DATASET EXCERPT.
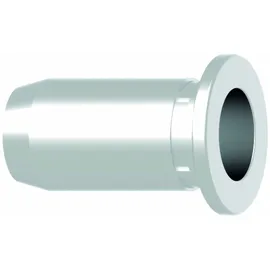 Gesipa Blindnietmuttern PolyGrip Stahl M 6 x 9 x 18 250 Stück
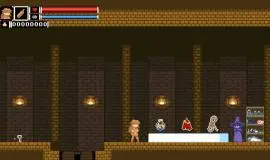 Скриншот 5 игры Queen of treasure isle
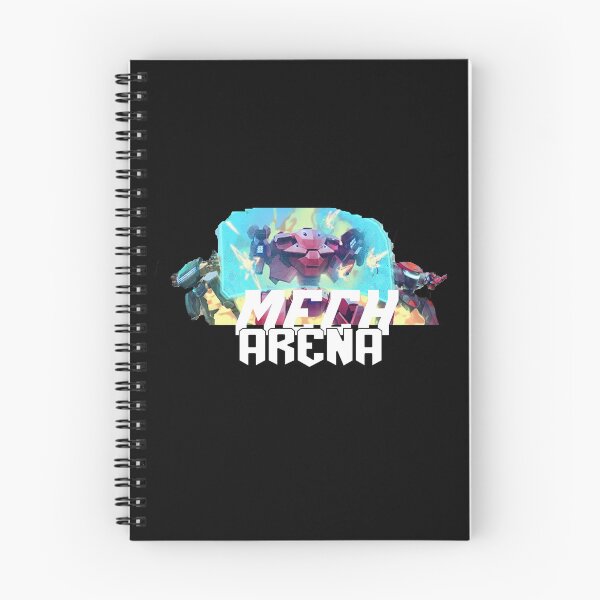 Item preview, lets play amazing battle mech arena designed and sold by axoniej.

YOUR ASSIGNMENT.
Could you print the listing above exactly, without the pictures?

ANSWER SECTION.
 Gesipa Blindnietmuttern PolyGrip Stahl M 6 x 9 x 18 250 Stück
 Скриншот 5 игры Queen of treasure isle
 Item preview, lets play amazing battle mech arena designed and sold by axoniej.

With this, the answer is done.